» Task requirements: An exact copy of all the data below is required.

» Records to process:
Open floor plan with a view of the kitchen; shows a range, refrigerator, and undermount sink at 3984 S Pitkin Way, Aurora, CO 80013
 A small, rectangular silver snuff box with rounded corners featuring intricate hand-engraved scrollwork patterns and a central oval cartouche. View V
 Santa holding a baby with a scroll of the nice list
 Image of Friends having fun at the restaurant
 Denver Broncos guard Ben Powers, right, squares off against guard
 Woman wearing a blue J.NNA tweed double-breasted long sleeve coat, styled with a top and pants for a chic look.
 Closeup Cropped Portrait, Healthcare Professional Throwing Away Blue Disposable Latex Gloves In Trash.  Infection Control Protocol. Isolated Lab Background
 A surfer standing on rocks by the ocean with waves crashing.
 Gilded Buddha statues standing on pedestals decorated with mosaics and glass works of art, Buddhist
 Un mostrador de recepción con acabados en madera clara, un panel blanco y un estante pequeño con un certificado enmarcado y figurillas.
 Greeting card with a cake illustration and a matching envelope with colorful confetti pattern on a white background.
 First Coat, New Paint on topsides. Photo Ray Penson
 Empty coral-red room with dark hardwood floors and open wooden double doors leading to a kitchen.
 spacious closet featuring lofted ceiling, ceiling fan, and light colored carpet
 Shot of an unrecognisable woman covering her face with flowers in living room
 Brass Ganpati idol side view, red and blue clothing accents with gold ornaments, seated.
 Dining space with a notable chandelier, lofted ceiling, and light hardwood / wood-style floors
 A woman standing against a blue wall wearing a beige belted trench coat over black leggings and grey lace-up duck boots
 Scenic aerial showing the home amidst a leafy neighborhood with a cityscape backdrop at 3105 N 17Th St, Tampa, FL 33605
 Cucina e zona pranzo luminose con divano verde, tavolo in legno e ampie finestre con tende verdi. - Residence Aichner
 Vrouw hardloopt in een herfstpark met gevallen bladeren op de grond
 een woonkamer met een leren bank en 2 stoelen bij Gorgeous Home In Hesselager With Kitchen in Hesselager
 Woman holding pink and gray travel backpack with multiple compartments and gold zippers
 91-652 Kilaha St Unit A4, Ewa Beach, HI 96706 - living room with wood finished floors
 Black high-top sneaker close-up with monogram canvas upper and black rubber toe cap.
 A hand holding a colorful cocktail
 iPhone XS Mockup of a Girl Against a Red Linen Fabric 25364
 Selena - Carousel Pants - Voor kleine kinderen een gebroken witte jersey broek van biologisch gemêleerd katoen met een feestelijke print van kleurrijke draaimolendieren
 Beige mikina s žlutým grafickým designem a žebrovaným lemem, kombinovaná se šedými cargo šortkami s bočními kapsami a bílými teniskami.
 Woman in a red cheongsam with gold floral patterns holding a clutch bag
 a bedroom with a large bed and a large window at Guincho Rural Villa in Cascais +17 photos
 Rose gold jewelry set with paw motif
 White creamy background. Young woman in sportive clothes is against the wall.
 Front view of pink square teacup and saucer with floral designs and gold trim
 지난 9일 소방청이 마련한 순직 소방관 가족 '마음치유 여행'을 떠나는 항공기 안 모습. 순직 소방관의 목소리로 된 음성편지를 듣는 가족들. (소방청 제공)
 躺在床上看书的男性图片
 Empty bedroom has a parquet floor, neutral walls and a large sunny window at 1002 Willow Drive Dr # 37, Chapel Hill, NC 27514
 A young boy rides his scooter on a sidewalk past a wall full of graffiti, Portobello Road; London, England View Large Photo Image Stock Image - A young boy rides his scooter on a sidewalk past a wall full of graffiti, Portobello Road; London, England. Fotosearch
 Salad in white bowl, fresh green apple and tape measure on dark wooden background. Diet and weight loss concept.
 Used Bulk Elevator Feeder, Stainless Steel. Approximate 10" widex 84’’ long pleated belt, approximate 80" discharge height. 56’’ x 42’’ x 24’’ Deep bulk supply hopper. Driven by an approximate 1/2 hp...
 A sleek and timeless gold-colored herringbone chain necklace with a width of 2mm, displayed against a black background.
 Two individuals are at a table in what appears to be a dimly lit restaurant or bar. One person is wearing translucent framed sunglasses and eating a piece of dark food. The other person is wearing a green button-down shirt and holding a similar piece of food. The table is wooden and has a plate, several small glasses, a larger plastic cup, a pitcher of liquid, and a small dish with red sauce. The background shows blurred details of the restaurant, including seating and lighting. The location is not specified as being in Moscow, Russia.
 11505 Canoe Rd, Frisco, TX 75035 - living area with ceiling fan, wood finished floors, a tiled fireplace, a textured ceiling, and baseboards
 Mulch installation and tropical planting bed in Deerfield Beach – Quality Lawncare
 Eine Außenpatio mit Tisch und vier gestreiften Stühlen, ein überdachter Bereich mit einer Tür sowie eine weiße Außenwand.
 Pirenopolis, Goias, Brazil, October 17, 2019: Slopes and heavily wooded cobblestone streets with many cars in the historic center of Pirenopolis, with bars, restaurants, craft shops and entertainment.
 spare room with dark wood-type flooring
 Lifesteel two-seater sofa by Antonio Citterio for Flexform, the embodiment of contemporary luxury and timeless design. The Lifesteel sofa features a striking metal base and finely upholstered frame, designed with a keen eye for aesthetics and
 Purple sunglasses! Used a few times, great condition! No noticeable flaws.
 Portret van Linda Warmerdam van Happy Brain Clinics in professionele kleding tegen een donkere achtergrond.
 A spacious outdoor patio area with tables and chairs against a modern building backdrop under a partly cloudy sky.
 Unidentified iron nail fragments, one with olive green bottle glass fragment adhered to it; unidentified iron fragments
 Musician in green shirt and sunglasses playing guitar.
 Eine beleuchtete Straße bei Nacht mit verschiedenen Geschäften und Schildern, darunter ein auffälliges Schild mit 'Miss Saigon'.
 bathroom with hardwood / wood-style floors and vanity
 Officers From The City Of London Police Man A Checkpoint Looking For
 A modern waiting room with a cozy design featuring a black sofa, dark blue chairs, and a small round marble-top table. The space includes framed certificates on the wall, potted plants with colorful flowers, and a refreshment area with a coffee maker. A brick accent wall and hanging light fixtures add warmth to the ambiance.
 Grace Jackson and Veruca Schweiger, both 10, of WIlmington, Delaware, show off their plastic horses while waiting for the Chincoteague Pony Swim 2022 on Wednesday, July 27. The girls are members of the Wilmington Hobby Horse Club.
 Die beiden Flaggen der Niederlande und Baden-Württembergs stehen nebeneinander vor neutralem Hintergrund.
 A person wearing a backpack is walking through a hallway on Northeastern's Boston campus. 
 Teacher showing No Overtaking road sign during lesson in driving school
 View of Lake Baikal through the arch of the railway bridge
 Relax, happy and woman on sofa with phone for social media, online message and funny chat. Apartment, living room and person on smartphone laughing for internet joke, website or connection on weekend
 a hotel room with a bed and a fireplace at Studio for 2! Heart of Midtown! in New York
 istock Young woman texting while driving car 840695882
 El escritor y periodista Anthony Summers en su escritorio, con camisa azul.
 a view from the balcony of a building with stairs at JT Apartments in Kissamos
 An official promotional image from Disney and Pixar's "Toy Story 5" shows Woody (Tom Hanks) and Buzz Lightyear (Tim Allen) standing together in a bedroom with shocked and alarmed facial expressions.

» Answer to this problem:
Open floor plan with a view of the kitchen; shows a range, refrigerator, and undermount sink at 3984 S Pitkin Way, Aurora, CO 80013
 A small, rectangular silver snuff box with rounded corners featuring intricate hand-engraved scrollwork patterns and a central oval cartouche. View V
 Santa holding a baby with a scroll of the nice list
 Image of Friends having fun at the restaurant
 Denver Broncos guard Ben Powers, right, squares off against guard
 Woman wearing a blue J.NNA tweed double-breasted long sleeve coat, styled with a top and pants for a chic look.
 Closeup Cropped Portrait, Healthcare Professional Throwing Away Blue Disposable Latex Gloves In Trash.  Infection Control Protocol. Isolated Lab Background
 A surfer standing on rocks by the ocean with waves crashing.
 Gilded Buddha statues standing on pedestals decorated with mosaics and glass works of art, Buddhist
 Un mostrador de recepción con acabados en madera clara, un panel blanco y un estante pequeño con un certificado enmarcado y figurillas.
 Greeting card with a cake illustration and a matching envelope with colorful confetti pattern on a white background.
 First Coat, New Paint on topsides. Photo Ray Penson
 Empty coral-red room with dark hardwood floors and open wooden double doors leading to a kitchen.
 spacious closet featuring lofted ceiling, ceiling fan, and light colored carpet
 Shot of an unrecognisable woman covering her face with flowers in living room
 Brass Ganpati idol side view, red and blue clothing accents with gold ornaments, seated.
 Dining space with a notable chandelier, lofted ceiling, and light hardwood / wood-style floors
 A woman standing against a blue wall wearing a beige belted trench coat over black leggings and grey lace-up duck boots
 Scenic aerial showing the home amidst a leafy neighborhood with a cityscape backdrop at 3105 N 17Th St, Tampa, FL 33605
 Cucina e zona pranzo luminose con divano verde, tavolo in legno e ampie finestre con tende verdi. - Residence Aichner
 Vrouw hardloopt in een herfstpark met gevallen bladeren op de grond
 een woonkamer met een leren bank en 2 stoelen bij Gorgeous Home In Hesselager With Kitchen in Hesselager
 Woman holding pink and gray travel backpack with multiple compartments and gold zippers
 91-652 Kilaha St Unit A4, Ewa Beach, HI 96706 - living room with wood finished floors
 Black high-top sneaker close-up with monogram canvas upper and black rubber toe cap.
 A hand holding a colorful cocktail
 iPhone XS Mockup of a Girl Against a Red Linen Fabric 25364
 Selena - Carousel Pants - Voor kleine kinderen een gebroken witte jersey broek van biologisch gemêleerd katoen met een feestelijke print van kleurrijke draaimolendieren
 Beige mikina s žlutým grafickým designem a žebrovaným lemem, kombinovaná se šedými cargo šortkami s bočními kapsami a bílými teniskami.
 Woman in a red cheongsam with gold floral patterns holding a clutch bag
 a bedroom with a large bed and a large window at Guincho Rural Villa in Cascais +17 photos
 Rose gold jewelry set with paw motif
 White creamy background. Young woman in sportive clothes is against the wall.
 Front view of pink square teacup and saucer with floral designs and gold trim
 지난 9일 소방청이 마련한 순직 소방관 가족 '마음치유 여행'을 떠나는 항공기 안 모습. 순직 소방관의 목소리로 된 음성편지를 듣는 가족들. (소방청 제공)
 躺在床上看书的男性图片
 Empty bedroom has a parquet floor, neutral walls and a large sunny window at 1002 Willow Drive Dr # 37, Chapel Hill, NC 27514
 A young boy rides his scooter on a sidewalk past a wall full of graffiti, Portobello Road; London, England View Large Photo Image Stock Image - A young boy rides his scooter on a sidewalk past a wall full of graffiti, Portobello Road; London, England. Fotosearch
 Salad in white bowl, fresh green apple and tape measure on dark wooden background. Diet and weight loss concept.
 Used Bulk Elevator Feeder, Stainless Steel. Approximate 10" widex 84’’ long pleated belt, approximate 80" discharge height. 56’’ x 42’’ x 24’’ Deep bulk supply hopper. Driven by an approximate 1/2 hp...
 A sleek and timeless gold-colored herringbone chain necklace with a width of 2mm, displayed against a black background.
 Two individuals are at a table in what appears to be a dimly lit restaurant or bar. One person is wearing translucent framed sunglasses and eating a piece of dark food. The other person is wearing a green button-down shirt and holding a similar piece of food. The table is wooden and has a plate, several small glasses, a larger plastic cup, a pitcher of liquid, and a small dish with red sauce. The background shows blurred details of the restaurant, including seating and lighting. The location is not specified as being in Moscow, Russia.
 11505 Canoe Rd, Frisco, TX 75035 - living area with ceiling fan, wood finished floors, a tiled fireplace, a textured ceiling, and baseboards
 Mulch installation and tropical planting bed in Deerfield Beach – Quality Lawncare
 Eine Außenpatio mit Tisch und vier gestreiften Stühlen, ein überdachter Bereich mit einer Tür sowie eine weiße Außenwand.
 Pirenopolis, Goias, Brazil, October 17, 2019: Slopes and heavily wooded cobblestone streets with many cars in the historic center of Pirenopolis, with bars, restaurants, craft shops and entertainment.
 spare room with dark wood-type flooring
 Lifesteel two-seater sofa by Antonio Citterio for Flexform, the embodiment of contemporary luxury and timeless design. The Lifesteel sofa features a striking metal base and finely upholstered frame, designed with a keen eye for aesthetics and
 Purple sunglasses! Used a few times, great condition! No noticeable flaws.
 Portret van Linda Warmerdam van Happy Brain Clinics in professionele kleding tegen een donkere achtergrond.
 A spacious outdoor patio area with tables and chairs against a modern building backdrop under a partly cloudy sky.
 Unidentified iron nail fragments, one with olive green bottle glass fragment adhered to it; unidentified iron fragments
 Musician in green shirt and sunglasses playing guitar.
 Eine beleuchtete Straße bei Nacht mit verschiedenen Geschäften und Schildern, darunter ein auffälliges Schild mit 'Miss Saigon'.
 bathroom with hardwood / wood-style floors and vanity
 Officers From The City Of London Police Man A Checkpoint Looking For
 A modern waiting room with a cozy design featuring a black sofa, dark blue chairs, and a small round marble-top table. The space includes framed certificates on the wall, potted plants with colorful flowers, and a refreshment area with a coffee maker. A brick accent wall and hanging light fixtures add warmth to the ambiance.
 Grace Jackson and Veruca Schweiger, both 10, of WIlmington, Delaware, show off their plastic horses while waiting for the Chincoteague Pony Swim 2022 on Wednesday, July 27. The girls are members of the Wilmington Hobby Horse Club.
 Die beiden Flaggen der Niederlande und Baden-Württembergs stehen nebeneinander vor neutralem Hintergrund.
 A person wearing a backpack is walking through a hallway on Northeastern's Boston campus. 
 Teacher showing No Overtaking road sign during lesson in driving school
 View of Lake Baikal through the arch of the railway bridge
 Relax, happy and woman on sofa with phone for social media, online message and funny chat. Apartment, living room and person on smartphone laughing for internet joke, website or connection on weekend
 a hotel room with a bed and a fireplace at Studio for 2! Heart of Midtown! in New York
 istock Young woman texting while driving car 840695882
 El escritor y periodista Anthony Summers en su escritorio, con camisa azul.
 a view from the balcony of a building with stairs at JT Apartments in Kissamos
 An official promotional image from Disney and Pixar's "Toy Story 5" shows Woody (Tom Hanks) and Buzz Lightyear (Tim Allen) standing together in a bedroom with shocked and alarmed facial expressions.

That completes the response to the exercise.